Não querer ver a morte de frente,
ignorá-la, apagá-la de nossa vida, fazê-la invisível..., é perder humanidade, é
um auto-engano sobre a condição humana frágil, banaliza-se a mesma vida que
acaba não valendo nada. Quando a morte é “consumida” diariamente nos
noticiários, só se ativam emotividades instantâneas que não levam a nada, ou a
uma resignação estéril diante do que acontece.
Pensamos que a morte é o contrário da
vida e essa lógica é falsa. A vida é como uma moeda que tem duas faces: uma é o
nascimento, a outra é a morte. Entre as duas faces está a moeda, que é o
importante. É a vida que devemos dar valor, não seus limites.
Diante da necessidade inata de
recordar nossos antepassados devemos aproveitá-la para encontrar segurança e sentido
em nosso próprio mundo. A consciência de que somos o que somos, graças aos
seres humanos que nos precederam, é uma realidade inspiradora para o nosso
viver. Recordar os nossos familiares falecidos e agradecer-lhes o que fizeram
por nós nos ajudará a fazer o mesmo por aqueles que caminham conosco.
Entrar em sintonia com os seres
queridos que morreram nos impulsiona a viver com maior intensidade a vida que
ainda temos nas nossas mãos.
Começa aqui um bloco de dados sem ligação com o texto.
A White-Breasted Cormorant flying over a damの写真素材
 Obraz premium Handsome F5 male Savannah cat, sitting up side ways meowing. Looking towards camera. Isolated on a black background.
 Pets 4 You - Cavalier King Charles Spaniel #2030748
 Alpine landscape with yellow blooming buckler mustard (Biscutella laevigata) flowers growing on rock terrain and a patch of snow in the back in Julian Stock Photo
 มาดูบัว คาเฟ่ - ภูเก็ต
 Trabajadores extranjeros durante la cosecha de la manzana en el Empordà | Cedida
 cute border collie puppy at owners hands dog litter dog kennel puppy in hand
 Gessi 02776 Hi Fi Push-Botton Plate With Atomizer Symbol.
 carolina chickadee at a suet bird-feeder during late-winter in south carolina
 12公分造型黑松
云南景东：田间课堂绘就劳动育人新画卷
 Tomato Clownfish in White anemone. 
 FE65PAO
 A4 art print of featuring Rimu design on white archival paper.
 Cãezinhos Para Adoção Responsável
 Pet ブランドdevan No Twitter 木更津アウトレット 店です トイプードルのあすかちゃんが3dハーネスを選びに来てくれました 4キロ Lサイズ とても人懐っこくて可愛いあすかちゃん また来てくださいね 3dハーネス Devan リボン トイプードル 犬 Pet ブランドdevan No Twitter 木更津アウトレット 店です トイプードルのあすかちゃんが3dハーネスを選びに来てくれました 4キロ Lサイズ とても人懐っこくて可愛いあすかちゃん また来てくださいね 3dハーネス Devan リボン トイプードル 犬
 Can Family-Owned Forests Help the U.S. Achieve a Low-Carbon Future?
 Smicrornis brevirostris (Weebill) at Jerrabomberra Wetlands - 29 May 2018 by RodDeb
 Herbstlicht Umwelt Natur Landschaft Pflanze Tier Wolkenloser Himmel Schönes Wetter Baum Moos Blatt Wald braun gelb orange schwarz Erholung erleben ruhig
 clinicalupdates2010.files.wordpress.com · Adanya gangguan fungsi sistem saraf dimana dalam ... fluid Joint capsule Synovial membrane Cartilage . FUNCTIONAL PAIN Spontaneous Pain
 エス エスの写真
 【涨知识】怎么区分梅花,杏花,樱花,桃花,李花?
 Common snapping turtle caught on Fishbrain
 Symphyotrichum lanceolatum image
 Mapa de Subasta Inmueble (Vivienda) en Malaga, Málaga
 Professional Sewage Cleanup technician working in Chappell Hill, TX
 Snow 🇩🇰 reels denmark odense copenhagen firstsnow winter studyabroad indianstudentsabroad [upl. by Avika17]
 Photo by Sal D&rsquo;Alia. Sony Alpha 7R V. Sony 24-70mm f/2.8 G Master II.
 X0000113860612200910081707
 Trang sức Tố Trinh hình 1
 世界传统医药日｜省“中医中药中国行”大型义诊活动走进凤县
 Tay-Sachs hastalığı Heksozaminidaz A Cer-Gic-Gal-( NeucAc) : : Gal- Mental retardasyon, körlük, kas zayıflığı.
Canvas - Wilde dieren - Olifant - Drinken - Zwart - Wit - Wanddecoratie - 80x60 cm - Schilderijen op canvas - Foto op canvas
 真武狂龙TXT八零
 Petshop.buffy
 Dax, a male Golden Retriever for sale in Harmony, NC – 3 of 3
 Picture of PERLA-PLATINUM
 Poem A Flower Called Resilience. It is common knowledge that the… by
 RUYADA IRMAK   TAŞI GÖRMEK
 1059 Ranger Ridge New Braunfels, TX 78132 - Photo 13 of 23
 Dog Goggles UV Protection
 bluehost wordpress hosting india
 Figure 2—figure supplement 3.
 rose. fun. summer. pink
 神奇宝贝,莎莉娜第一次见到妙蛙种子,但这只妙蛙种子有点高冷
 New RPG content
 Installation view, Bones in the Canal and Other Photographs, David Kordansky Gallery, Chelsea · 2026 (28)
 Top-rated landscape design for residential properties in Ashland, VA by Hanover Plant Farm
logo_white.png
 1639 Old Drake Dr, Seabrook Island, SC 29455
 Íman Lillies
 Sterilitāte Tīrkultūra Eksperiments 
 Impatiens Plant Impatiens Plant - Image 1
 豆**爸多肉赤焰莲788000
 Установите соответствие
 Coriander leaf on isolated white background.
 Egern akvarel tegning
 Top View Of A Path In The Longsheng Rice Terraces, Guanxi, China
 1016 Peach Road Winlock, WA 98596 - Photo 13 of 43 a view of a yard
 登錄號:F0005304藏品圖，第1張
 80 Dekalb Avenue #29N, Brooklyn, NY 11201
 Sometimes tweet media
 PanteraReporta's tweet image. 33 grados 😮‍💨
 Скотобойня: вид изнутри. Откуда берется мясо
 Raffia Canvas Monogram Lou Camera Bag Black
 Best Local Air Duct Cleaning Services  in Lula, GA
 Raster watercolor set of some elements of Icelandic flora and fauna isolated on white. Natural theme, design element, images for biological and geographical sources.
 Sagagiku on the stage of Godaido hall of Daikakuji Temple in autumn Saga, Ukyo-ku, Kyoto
Todo o humano que eles nos
transmitiram devemos potenciá-lo em nós para que o mundo vá se humanizando.
Pelos mortos já não podemos fazer
nada, mas sua recordação nos impulsiona para aqueles que vivem junto a nós. O
maior elogio que se pode dizer de um ser humano é que, quando partiu,
deixou o mundo um pouquinho melhor que quando chegou a ele.
O grande teólogo Karl Rahner entendia
a morte em chave de generosidade. Morrer, escreveu ele, é “dar
lugar” aos que virão depois, é nosso último exercício de amor, responsabilidade
e humildade. É, inclusive, nosso derradeiro exercício de liberdade.
Precisamos morrer, não só para que
outros vivam, abrindo, com nossa morte, um espaço para eles, mas
também para que valorizemos a vida como presente recebido, que vamos legando
aos que vem, constituindo, assim, uma corrente de vida sempre mais expansiva.
Todos morremos, mas há mortes e
mortes. Na cultura da “pós-moderna líquida” a morte se apresenta como termo,
ruptura e aniquilação. Somente os que não viveram seriamente, os que esbanjaram
sua vida em caprichos e superficialidades, os que semearam dor e morte ao seu
redor, os que asfixiaram a vida e não se importaram com os outros, tem medo de
morrer.
Os que aceitaram sua vida e se
atreveram a vivê-la seriamente, os que a viveram como dom que se entrega,
aceitam sua morte e a esperam de modo sereno e livre, como o descanso devido
depois de uma jornada trabalhosa e fecunda. Assim como a jornada cumprida
devidamente dá alegria ao sonho, uma vida bem vivida dá alegria à morte. Porque
a vida valeu a pena, também vale a pena morrer.
Dia de Finados é ocasião privilegiada para confrontar
a morte, como fazemos com outros medos.
Devemos contemplar nosso fim último,
familiarizar-nos com ele, aprofundá-lo e analisá-lo, conversar com ele e
descartar as aterrorizadoras distorções infantis sobre a morte.
Ao compreendermos, de verdade, nossa
condição humana – nossa finitude, nosso breve período de tempo sob a luz -, não
só passamos a saborear a preciosidade de cada momento e o simples prazer de
existir, como também intensificamos nossa compaixão por nós mesmos e por todos
os outros seres humanos.
Morre-se no instante da morte, como
morremos ao longo da vida. Este é o caminho normal de morrer. A presença da
morte na existência não se veste de luto, mas de seriedade e irreversibilidade
nas decisões. Uma vida pensada sem morte perde-se, no final, na total
irresponsabilidade.
Para
meditar na oração
- O “depois da vida” é um
grande encontro onde seremos perguntados: “o quanto você viveu sua vida?”
- “Fazer memória” das pessoas que
viveram intensamente e deixaram “marcas” em sua vida.